Lessons from Ishinomaki

Bukit Brown Cemetery

The Disaster one year ago

Imagine:

You live in Ishinomaki, an idyllic coastal city. You own the home you live in and you run your business from it. You make a comfortable living with the wages you earn from the Japan’s high standard of living. City infrastructure is more than adequate thanks to a well designed city layout. Then one afternoon the blissful life you that know is shattered in an instant.

The Earth itself trembles; it is a magnitude nine earthquake. Buildings sway, roads crack but for the most part, except for a few structures in town, everything else holds. Thanks again to excellent design by the city’s architects. You breathe a sigh of relief, comforted to know that you have survived one of the biggest earthquakes in history and are relatively unscathed but for a few broken dishes and fallen bookshelves within your household.

Then, the alarms sound, everyone is told to evacuate to higher ground. Time is short. Something is coming. Even the crows have fallen silent. You exit your home; you turn around and run for Hiyori-yama, the highest point in town. The street is full of people. Strong communal ties mean that your neighbors know exactly who needs help for the evacuation and provisions are made accordingly. No one is left behind but for a few brave souls who remain to aid stragglers. You will not be seeing some of them again.

At the peak of Hiyori-yama, you partake of the view, noting that the roads closest to the river mouth are still jammed with cars. You pray that the drivers make it to higher ground. Then it comes, an all encompassing wall of water sweeping onto the land from the sea (link).

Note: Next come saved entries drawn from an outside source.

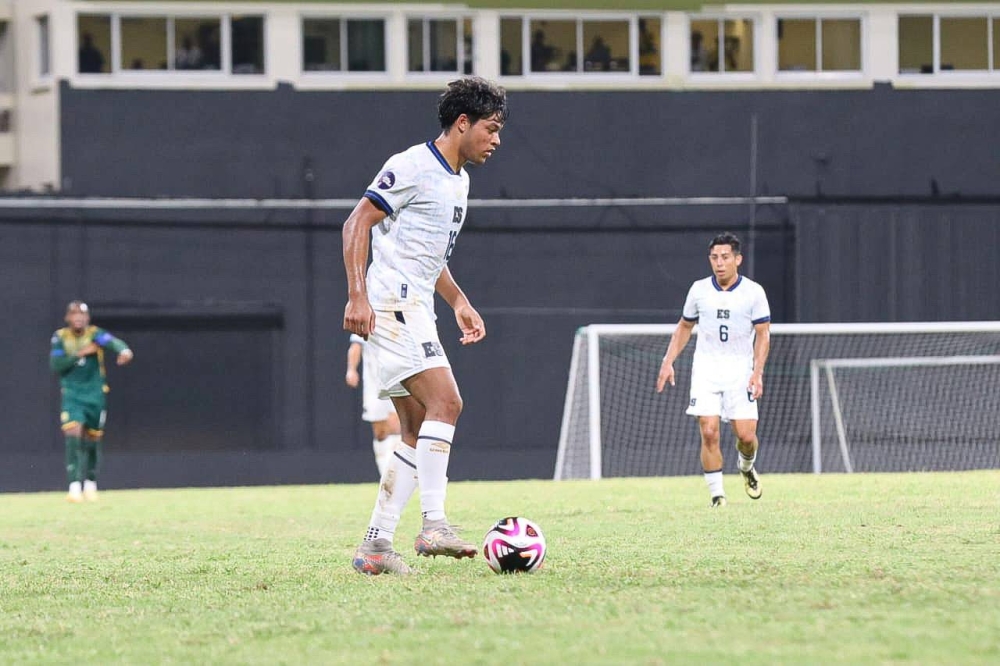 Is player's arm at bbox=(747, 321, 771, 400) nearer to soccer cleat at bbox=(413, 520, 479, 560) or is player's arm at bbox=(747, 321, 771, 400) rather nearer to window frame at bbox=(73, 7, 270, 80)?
soccer cleat at bbox=(413, 520, 479, 560)

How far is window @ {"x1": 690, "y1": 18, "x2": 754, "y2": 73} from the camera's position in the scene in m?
26.8

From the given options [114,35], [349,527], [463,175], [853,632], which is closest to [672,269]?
[114,35]

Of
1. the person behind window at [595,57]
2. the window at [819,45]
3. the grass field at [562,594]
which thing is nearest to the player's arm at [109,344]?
the grass field at [562,594]

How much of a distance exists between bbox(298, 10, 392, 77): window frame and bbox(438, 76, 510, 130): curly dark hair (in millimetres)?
18904

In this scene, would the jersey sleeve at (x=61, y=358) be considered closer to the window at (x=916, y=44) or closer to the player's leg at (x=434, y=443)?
the player's leg at (x=434, y=443)

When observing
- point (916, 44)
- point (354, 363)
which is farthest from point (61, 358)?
point (916, 44)

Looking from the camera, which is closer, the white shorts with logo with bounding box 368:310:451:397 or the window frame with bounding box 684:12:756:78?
the white shorts with logo with bounding box 368:310:451:397

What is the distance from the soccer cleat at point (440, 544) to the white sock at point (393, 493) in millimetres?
149

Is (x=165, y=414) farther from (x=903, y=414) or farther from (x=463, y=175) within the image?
(x=463, y=175)

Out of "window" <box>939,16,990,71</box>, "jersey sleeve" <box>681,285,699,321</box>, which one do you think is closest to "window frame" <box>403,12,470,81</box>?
"window" <box>939,16,990,71</box>

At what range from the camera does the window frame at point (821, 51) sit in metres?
26.8

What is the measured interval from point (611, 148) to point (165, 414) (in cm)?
807

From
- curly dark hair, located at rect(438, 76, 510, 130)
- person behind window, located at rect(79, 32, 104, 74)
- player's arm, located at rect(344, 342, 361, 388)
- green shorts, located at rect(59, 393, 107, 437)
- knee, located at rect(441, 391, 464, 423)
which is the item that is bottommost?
green shorts, located at rect(59, 393, 107, 437)

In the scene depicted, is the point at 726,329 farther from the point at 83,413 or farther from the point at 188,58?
the point at 188,58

The unstoppable wave engulfs everything in its path as it races inland. Town fixtures, homes, businesses, are all swept away by nature’s fury. The cars that were on the roads earlier are gone. You even catch glimpses of ships being deposited on land. Fires break out as cars crash into one another and then explode, igniting any flammable debris around them. Then as the waters recede, it starts to snow. All this unfolds as you and the survivors watch from Hiyori-yama. The entire scene of fire, water and ice feels surreal.

Then it hits you: This is a disaster of biblical proportions.

Lessons from Ishinomaki

It is hard to imagine the enormity of the reality facing the survivors of the Tohoku tsunami in Ishinomaki on March 11th 2011. But where does one go from here after having literally lost everything: Your home, your place of work, the town you live in, your most treasured possessions…even your loved ones. Where do you go from here?

The people of Ishinomaki have shown the world how. They started by picking up the pieces of their lives. They put aside the petty little things that divided them as a people; they came together as a community. They volunteered to help their people to clean up and rebuild just as hundreds of other Japanese have traveled across the country to Ishinomaki to lend a hand. They did not wait for a government paralyzed by bureaucracy to provide leadership. They decided to rely on themselves for the rebuilding. They took the initiative. They took action. And they continue to take things one day at a time.

It was easy to feel discouraged, helpless…even despair at the hand that fate has dealt the Tohoku region. But the people of Ishinomaki chose not do so. They chose to be optimistic, to move on and continue with their lives. For some Ishinomaki residents it was a sense of giri that drove them to rebuild.

Take the example of Mr Tanaka, the eighty seven year old bicycle store owner. He reopened his bike business within 6 months after the disaster and was the first business owner in Ishinomaki to do so. Tanaka reopended because of the sense of obligation he has to his community: Tanaka said that without his shop, the town of Ishinomaki would lose its only bicycle store. This would deprive many townsfolk of their only access to proper bicycle maintenance. Many Ishinomaki residents still do not yet have the means to replace the vehicles they lost, and so they have come to depend on the bicycle and Mr Tanaka as their only transportation lifeline. Tanaka’s exemplary act gave many other business owners in town the courage and inspiration to reopen their doors.

Another example is Dr Suda, a dentist, who lost his wife and practice during the disaster. Dr Suda is seventy years old and he took out a loan to purchase the dental equipment he needed to restart his practice. Instead of retiring, Dr Suda felt that it was more important for him to serve the community who needed his services. Dr Suda would feel satisfied if he is able to repay the loan he took to restart his practice. For him what matters is that his community’s needs are met.

It is a sobering experience, to be at the scene of the tsunami disaster recovery in Ishinomaki. To see the full extent of the destruction that was wrought last year. But what is even more moving is the sight of the Japanese people refusing to give up on their lives, opting instead for self-reliance over despondently waiting for their government to provide leadership. The people of Ishinomaki chose to resume their lives and rebuild their home, in a city by the sea. The people of Ishinomaki deserve nothing but respect for their resiliency. These are lessons that every Singaporean can learn from and emulate to make their home a much better place.